Ligand binding assays were performed to examine the role of N-linked glycosylation on D5 receptor function. Prevention of nascent D5 receptor glycosylation by tunicamycin prohibited D5 receptor-ligand interaction. However, removal of N-linked sugars from D5 receptors already resident in the plasma membrane (using N-glycosidase F) had no apparent effect on ligand binding. The inability of unglycosylated D5 receptors (tunicamycin-treatment) to bind ligand is most likely due to the expression of a misfolded polypeptide. The addition of N-linked sugars occurs immediately following the emergence of the nascent polypeptide in the lumen of the endoplasmic reticulum and, therefore, occurs before protein folding and assembly. It is likely that large, hydrophilic carbohydrate chains added to the D5 receptor facilitate the process of receptor folding. Without the addition of N-linked sugars, the D5 receptor may fail to achieve the conformational structure necessary to bind ligand (Fig. 7D).

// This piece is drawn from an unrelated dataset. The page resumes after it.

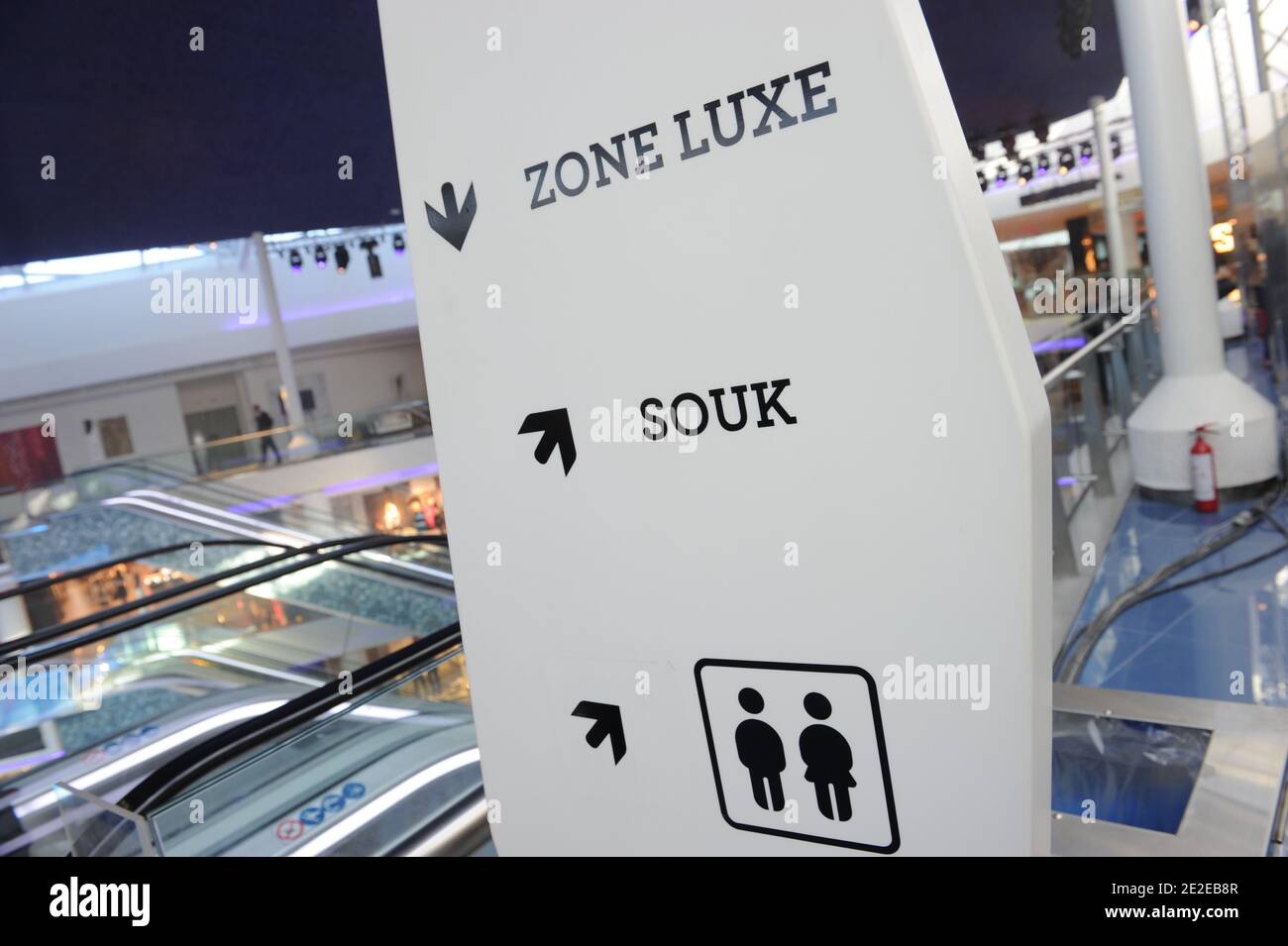 Atmosphere inside Morocco Mall, the 'largest shopping mall in Africa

It is apparent that functional expression of D5 dopamine receptors at the cell surface of HEK 293 cells requires the addition of N-linked carbohydrates, whereas D1 receptor trafficking is governed by other, as yet, unidentified factors. Specific sorting sequences located within the D1 and D5 receptors may also be involved with the functional expression of these receptors at the cell surface. In fact, recently, a new family of proteins that serve to regulate plasma membrane delivery and function of membrane-spanning proteins has been identified. These proteins, termed RAMPs (receptor-activity modifying proteins) (McLatchie et al., 1998) are sensitive to the glycosylation state of the seven transmembrane domain receptors with which they interact and aid in directing the receptors to the plasma membrane. Analysis of protein interactions involving D1 and D5 dopamine receptors may identify RAMPs or other accessory/regulatory molecules involved with the trafficking of these dopamine receptors in vivo.